Predictability Is Policy: Why rules beat discretion in agricultural markets

Agricultural markets are inherently risky. Weather variability, price fluctuations, and external shocks are built into the sector. What market actors consistently struggle to manage is not natural risk but policy uncertainty.

Across several agricultural reform processes we have supported in Southern Africa, one pattern appears repeatedly: where rules are unclear or applied inconsistently, investment slows, informality rises, and years of strong production fail to translate into sustained growth. This is true even where governments are actively pursuing food security and farmer support objectives.

The problem is rarely a lack of policy. It is the unpredictability of how policy is applied.

What a well-functioning market requires

It is worth being clear about what predictable rules are and are not. Predictability is not simply about having rules written down.
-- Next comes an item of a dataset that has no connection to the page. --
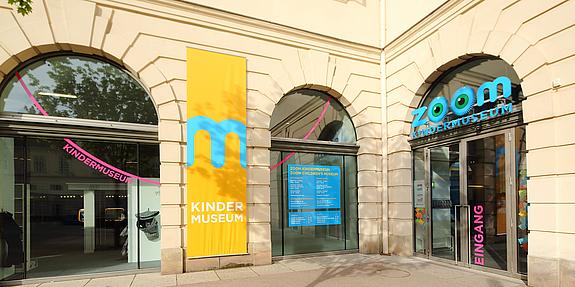 Außenansicht eines Gebäudes. Im Zentrum sind zwei Glastüren mit der Schrift ZOOM Kindermuseum.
It is about whether market actors, farmers, traders, processors, financiers, can rely on those rules being applied consistently, and whether they can understand in advance the conditions under which government will intervene.

Our analytical work across Southern African grain markets points to seven core principles that structured agricultural markets need to function: market access, standardisation, predictable rules, market information, risk management, access to finance, and market development. These are interdependent. Weaknesses in any one of the principles constrain the others.
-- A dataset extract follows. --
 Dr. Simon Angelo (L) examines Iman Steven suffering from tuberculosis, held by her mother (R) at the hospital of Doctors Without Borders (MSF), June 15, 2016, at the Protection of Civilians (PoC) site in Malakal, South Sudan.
The seven principles of a structured agricultural market, predictable rules sit at the centre of a system that depends on all seven functioning together.

Predictable rules are not an optional extra in this system. They are the mechanism through which price discovery functions, through which investment decisions are made, and through which the other six principles become operational. Without them, access to finance becomes speculative, market information loses its decision-making value, and risk management tools lose their credibility.
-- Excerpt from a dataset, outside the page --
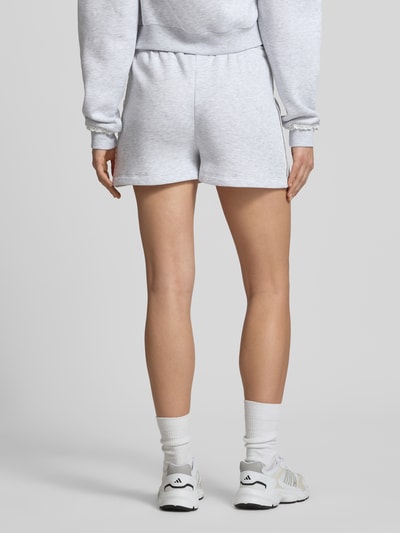 Frauenmodel trägt Regular Fit Sweatshorts mit Spitzenbesatz von Review in hellgrau, Material-Mix mit Baumwoll-Anteil, Ganzkörperansicht Rückansicht.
Markets respond to behaviour, not announcements


Policy intent matters, but markets respond to behaviour. Farmers, traders, processors, and financiers make decisions based on how policies have been applied in the past and what they expect will happen next.

Across an entire agricultural sector ecosystem, different actor/segments of the sector will have responsibility to ensure implementation or protection of some of these key principles.

In Zambia, the key actors responsible for setting and enforcing these predictable rules included government agencies and standards authorities. Our observations showed that there were clear breakages between these rule setters and enforcers, and the market actors who need to act in accordance with them, not to mention key market players, like a marketing council, not being present at all. 

Across the whole Zambian agricultural sector ecosystem, several breakdowns between key market actors/instruments has led to lack of enforcement of the structure agricultural market principles discussed above.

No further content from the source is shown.